Elle sait faire ça aussi. Ce sont par des messages de 2 minutes, c’est très adapté aux réseaux sociaux. Elle a naturellement le côté affable, elle a les mêmes vêtements qui sont codifiés depuis 40 ans. Elle passe ses vacances toujours au même endroit. Elle a une image totalement moderne. Ce qui se crée aujourd’hui avec les réseaux sociaux, ce sont des icônes. Mais on ne peut pas devenir une icône en étant dans la recherche délibérée d’être une icône, ça ne se construit pas malgré soi, mais ça se construit modestement.
Alors, quels conseils donneriez-vous justement aux candidats à la présidentielle pour leur stratégie de communication sur les réseaux sociaux ?
Si j’étais Xavier Bertrand, je jouerais l’assureur qui a travaillé dans le privé, hyper sympa, et qui s’adresse aux gens directement, sans chichis.
Et sur quelles plateformes ?
Il faut faire du Facebook pour le grand public. Il ne faut pas chercher la modernité à tout prix. Il faut faire cela de manière naturelle. Il ne faut pas non plus événementialiser tout. Ce n’est pas nécessaire. Peut-être plus modestement, intégrer les réseaux dans son quotidien. Par exemple, Xavier Bertrand, quand il va faire une visite quelque part, qu’il prenne son téléphone et nous emmène avec lui, ou nous fasse visiter son bureau de Président de région, qu’il dise ‘voilà mes collaborateurs, je vais vous présenter, on va passer un peu de temps avec eux.’ C’est plus simple que de créer des grands barnums. C’est cela qui crée de la crédibilité.
Mais est-ce que cela produit de réels effets ?
Oui si c’est cohérent avec le personnage. Jean-Luc Mélenchon qui communique sur YouTube, ça a un impact parce que le personnage est supposé être proche des gens, du’peuple’. Le fait qu’il soit en phase avec le numérique, c’est aussi parce qu’il est entouré de gens, pour qui l’agit-prop et les réseaux sociaux, c’est une deuxième nature. Donc ils lui apportent cela. Xavier Bertrand, par exemple devrait cultiver son image d’assureur et être en phase avec la population et ne pas chercher à se présidentialiser plus que ça. Il gagnerait des points. Après il faudra qu’il se présidentialise.

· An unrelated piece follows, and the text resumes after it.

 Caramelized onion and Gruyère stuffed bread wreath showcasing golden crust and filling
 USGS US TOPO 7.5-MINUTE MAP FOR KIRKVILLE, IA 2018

Yannick Jadot pourrait être cette figure de l’intellectuel de gauche, tel qu’on l’imagine. L’important c’est quelle histoire je veux raconter, quel personnage je suis et après seulement je vais vers les réseaux de la façon la plus naturelle possible. La députée américaine Alexandria Ocasio-Cortez le fait très bien. Le 1er jour au Congrès, elle se filme, elle montre aux gens comment cela se passe. Ce n’est pas très compliqué. En France, il y a François Ruffin qui le fait. On aurait tout à fait pu imaginer un député LREM qui découvre le Parlement. Mais on leur a imposé la ligne tout de suite.